White supremacist? We need to talk about Doc Evatt: Part 1

Jan 9, 2021

Doc Evatt was revered as a man who fought for justice for all, yet there was a dark side to the man that has been either glossed over or ignored. Part 2 will examine Evatt’s prejudiced role in the partition of Palestine. 

Justice can’t be limited … justice must be given to all. You must always fight for justice for all people …” Dr. H. V. Evatt in his finest hour, opposing the banning of the Communist Party at a public meeting in Bondi; broadcasted nationally, October 1951

A brilliant labour lawyer; the youngest ever High Court judge; Labor leader; President of the UN General Assembly. This is how younger generations hear of Doc Evatt, still ennobled by respected elders.

He was the “childhood hero” of former High Court judge Michael Kirby, an “inspiration” for former Labor senator Gareth Evans, “the Australian who has had most influence on human progress… overwhelmingly this was for the benefit of humanity” (expatriate barrister Geoffrey Robertson); “a central figure in every civil rights struggle in Australia for a generation” (radical author John Pilger); and ”a champion of civil liberties and the rights of economically and socially disadvantaged people” (law professor George Williams).

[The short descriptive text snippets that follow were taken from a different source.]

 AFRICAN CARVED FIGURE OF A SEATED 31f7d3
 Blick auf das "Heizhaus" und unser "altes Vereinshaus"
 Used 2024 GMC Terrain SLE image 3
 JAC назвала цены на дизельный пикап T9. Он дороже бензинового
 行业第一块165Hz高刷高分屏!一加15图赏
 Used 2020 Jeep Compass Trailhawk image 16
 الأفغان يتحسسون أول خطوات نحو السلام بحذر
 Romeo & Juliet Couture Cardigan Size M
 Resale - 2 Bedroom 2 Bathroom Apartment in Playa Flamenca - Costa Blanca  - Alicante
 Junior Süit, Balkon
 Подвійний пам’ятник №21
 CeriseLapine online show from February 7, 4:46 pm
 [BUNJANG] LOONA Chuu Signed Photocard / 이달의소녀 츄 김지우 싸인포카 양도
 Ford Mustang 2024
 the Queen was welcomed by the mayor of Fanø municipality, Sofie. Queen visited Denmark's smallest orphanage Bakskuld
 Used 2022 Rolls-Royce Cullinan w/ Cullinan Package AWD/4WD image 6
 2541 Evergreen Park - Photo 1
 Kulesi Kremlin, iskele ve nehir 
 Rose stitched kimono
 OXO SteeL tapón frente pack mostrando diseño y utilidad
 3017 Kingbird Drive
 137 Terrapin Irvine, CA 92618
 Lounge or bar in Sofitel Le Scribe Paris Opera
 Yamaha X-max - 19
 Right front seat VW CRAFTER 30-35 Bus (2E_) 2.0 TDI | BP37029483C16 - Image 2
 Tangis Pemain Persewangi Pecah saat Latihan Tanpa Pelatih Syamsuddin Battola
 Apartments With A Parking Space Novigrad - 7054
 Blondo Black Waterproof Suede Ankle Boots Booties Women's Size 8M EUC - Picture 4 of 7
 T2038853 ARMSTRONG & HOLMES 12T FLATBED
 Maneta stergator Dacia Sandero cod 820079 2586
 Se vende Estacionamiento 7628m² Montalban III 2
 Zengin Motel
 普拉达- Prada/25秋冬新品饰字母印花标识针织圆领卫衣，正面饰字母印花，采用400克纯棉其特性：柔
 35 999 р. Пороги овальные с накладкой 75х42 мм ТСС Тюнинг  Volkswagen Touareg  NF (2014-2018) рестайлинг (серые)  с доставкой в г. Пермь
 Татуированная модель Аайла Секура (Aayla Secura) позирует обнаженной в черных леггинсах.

The eulogies  just keep tumbling out. But though the word most commonly associated with Evatt is justice, sadly, he limited justice to his own white tribe. And what’s worse, Evatt and even his current admirers seem oblivious of this uncomfortable fact.

Evatt was a white supremacist. It is a label that also applies to most of his white peers, but there were a few who knew that justice must be universal, and even a saintly handful who spent their lives campaigning for justice for Indigenous Australians. But they have faded into obscurity while the cult of Evatt sails regally on, unchallenged.

The six biographies on Evatt either play down, or leave out altogether, tragic outcomes for non-whites as a result of his actions, or as a result of his inaction when intervention was called for.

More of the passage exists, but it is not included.